**WORK INSTRUCTIONS:**
Transcribe exactly, and only, the lines that fall between the line containing "Мопеды Honda Super Cub 50 2016 в" and the last line of the material, both ends included, omitting any pictures.

**DATA FOR REVIEW:**
▼

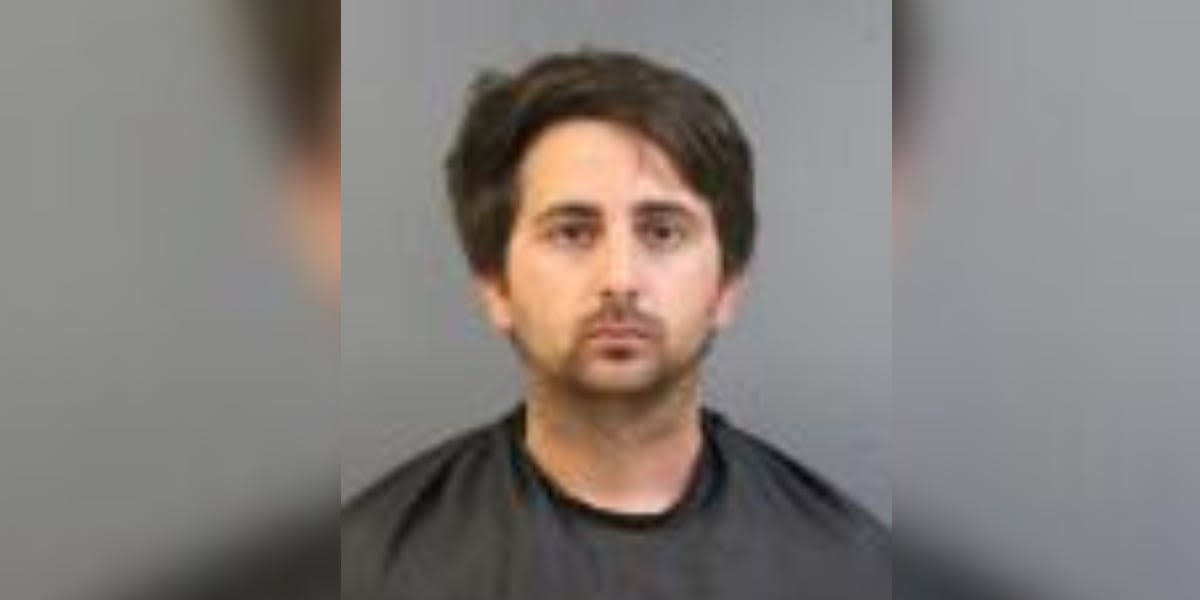 Sheriff: East Lincoln High School soccer coach charged with sexual assault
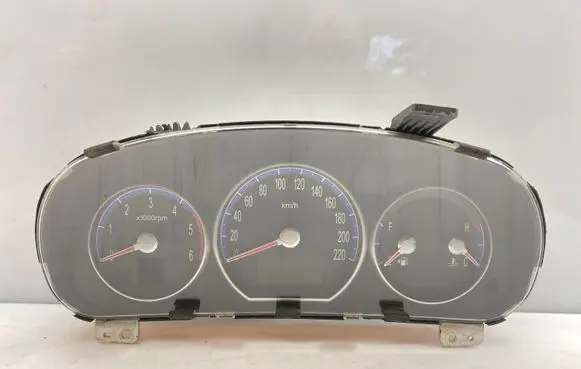 Hyundai Santa Fe Speedometer (instrument cluster) 940032B640 11000839400H 1164000150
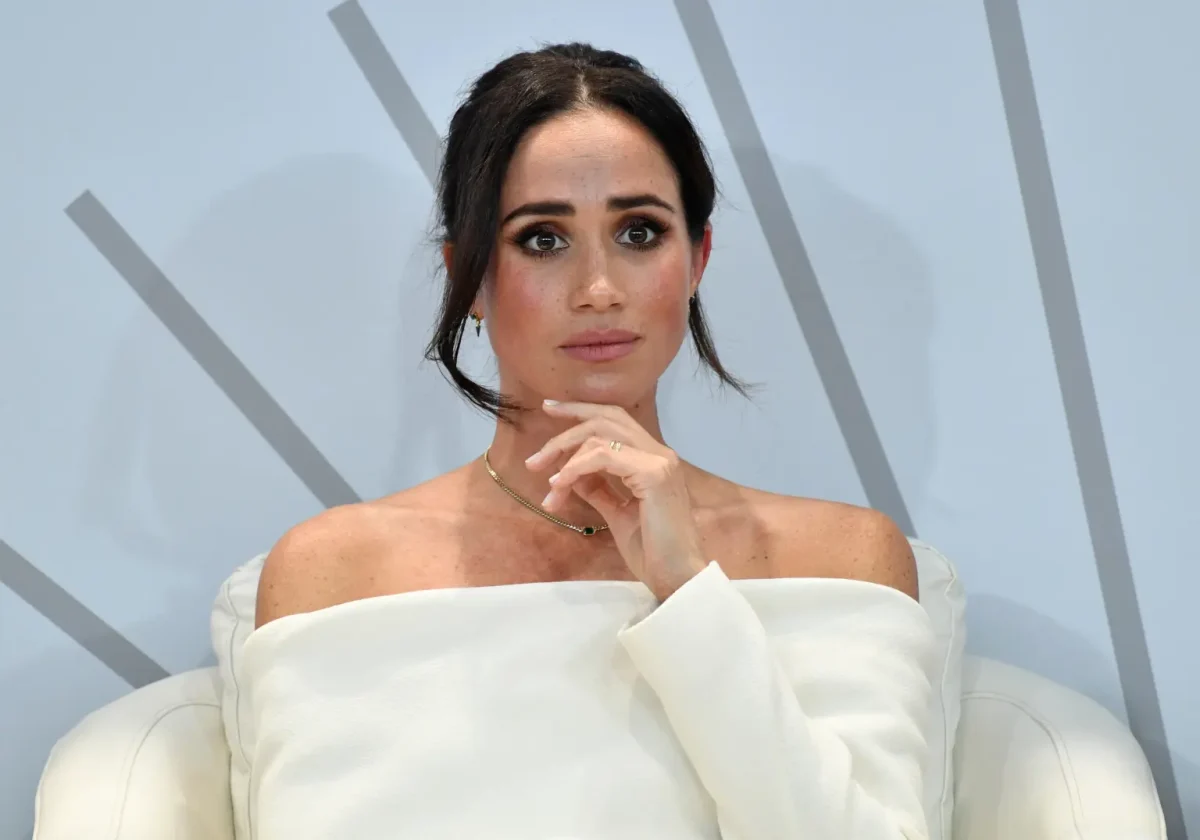 Scandal la palat! Cum a fost supranumită ducesa Meghan Markle din cauza pretențiilor absurde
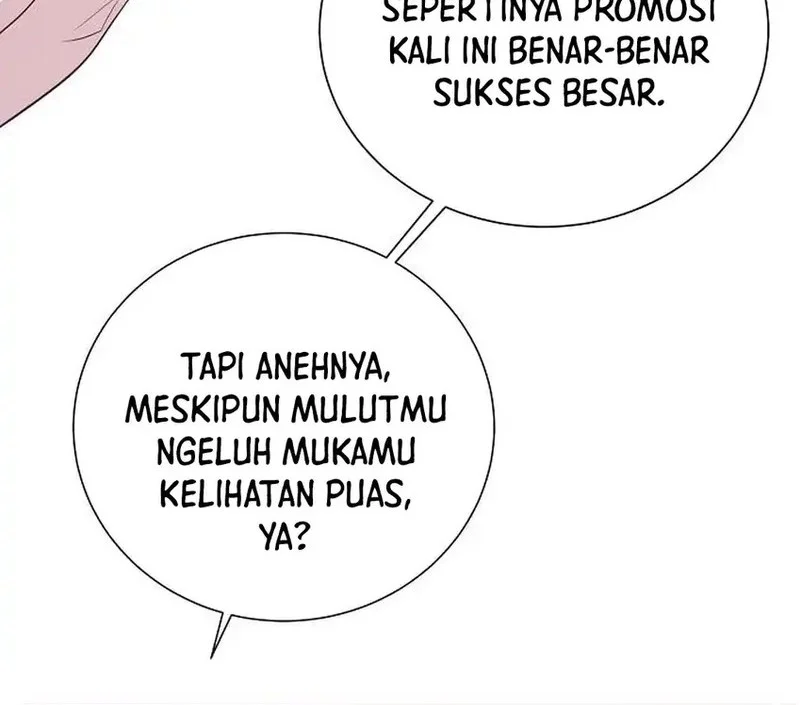 I Became a Sales Prodigy Chapter 89 Gambar 4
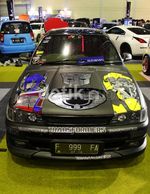 Corolla Berbodi Transformers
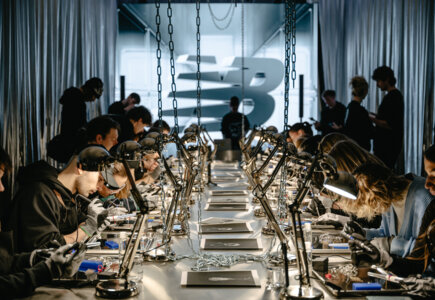 Footshop x New Balance - Abzorb 2000 by Warsaw/Creatives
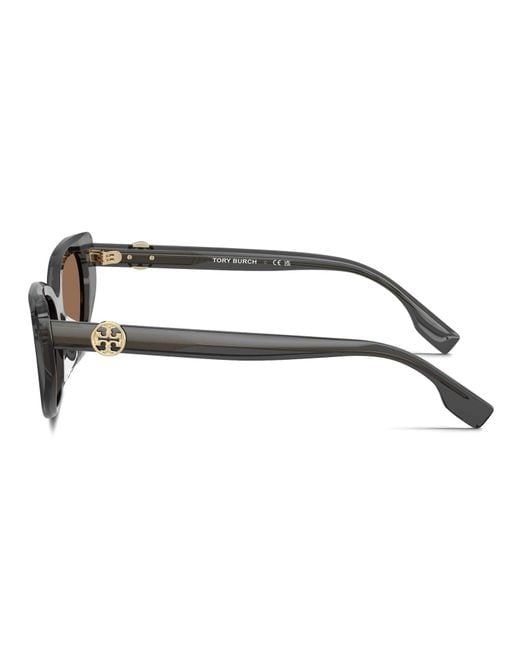 Tory Burch Black Ty7220D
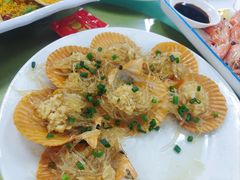 -景好海鲜餐厅(大鹏必选旅游店)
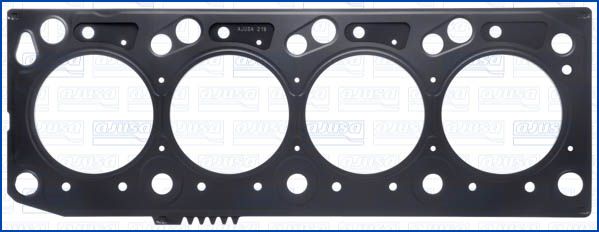 Прокладка головка цилиндра multilayer steel AJUSA 10118930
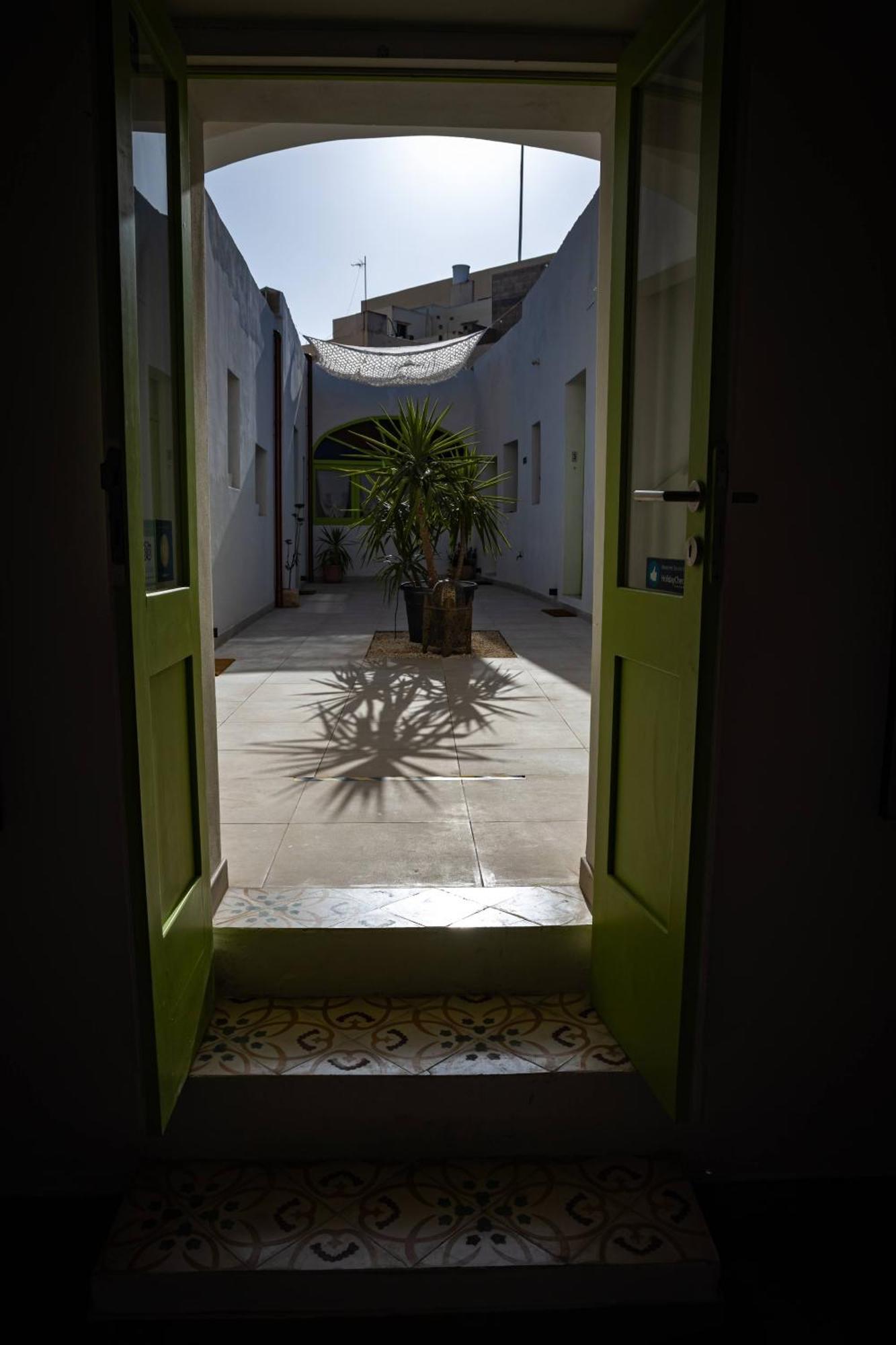 Hotel Lemon Tree Relais By Cx Collection Żabbar Exterior foto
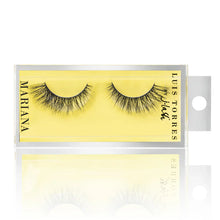 Cargar imagen en el visor de la galería, MARIANA FAUX LASHES JLASH X LUIS TORRES VOL.3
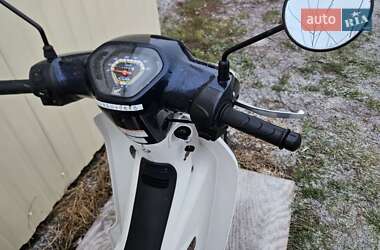 Мопеды Honda Super Cub 50 2016 в 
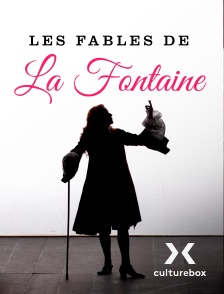 Culturebox - Les Fables de La Fontaine en replay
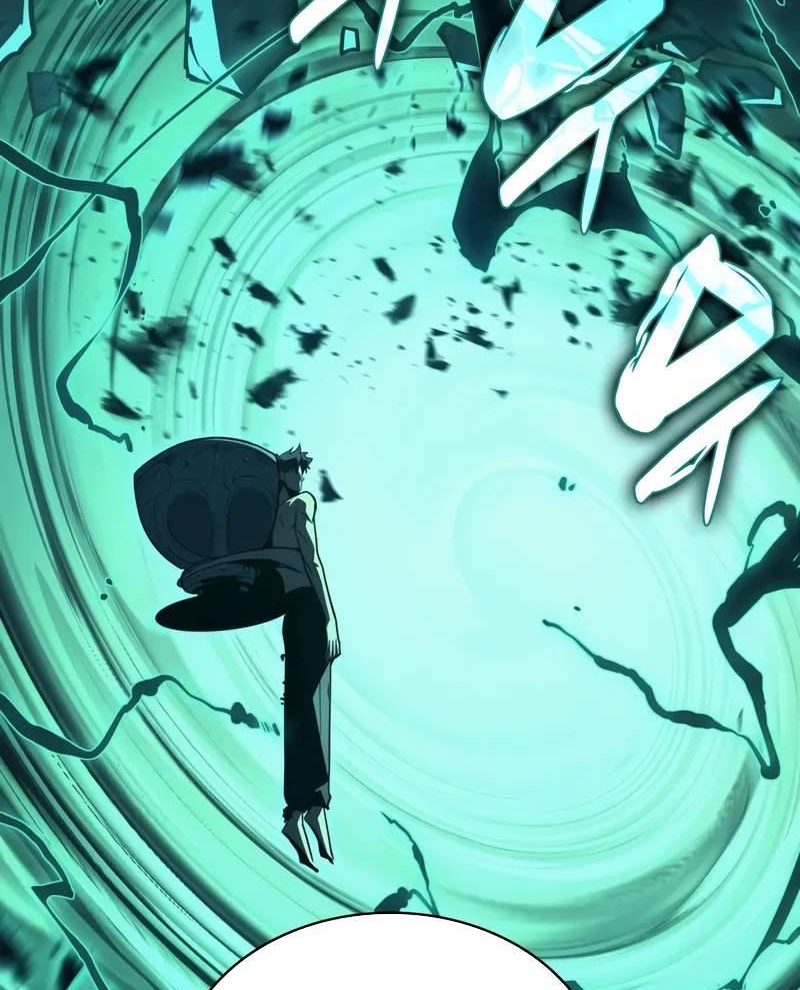 Vị Vua Mạnh Nhất Đã Trở Lại Chapter 125 - Trang 2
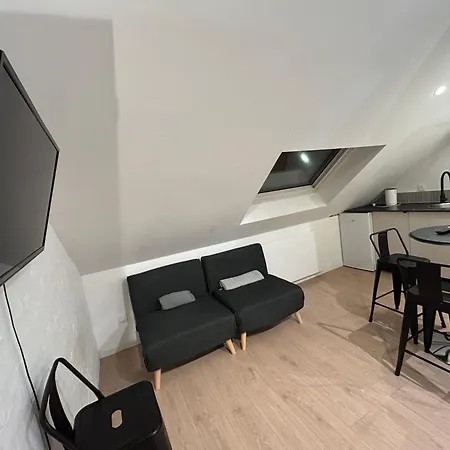 Lurban Avec Terrasse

▲

**EXPECTED ANSWER:**
 Мопеды Honda Super Cub 50 2016 в 
 Culturebox - Les Fables de La Fontaine en replay
 Vị Vua Mạnh Nhất Đã Trở Lại Chapter 125 - Trang 2
 Lurban Avec Terrasse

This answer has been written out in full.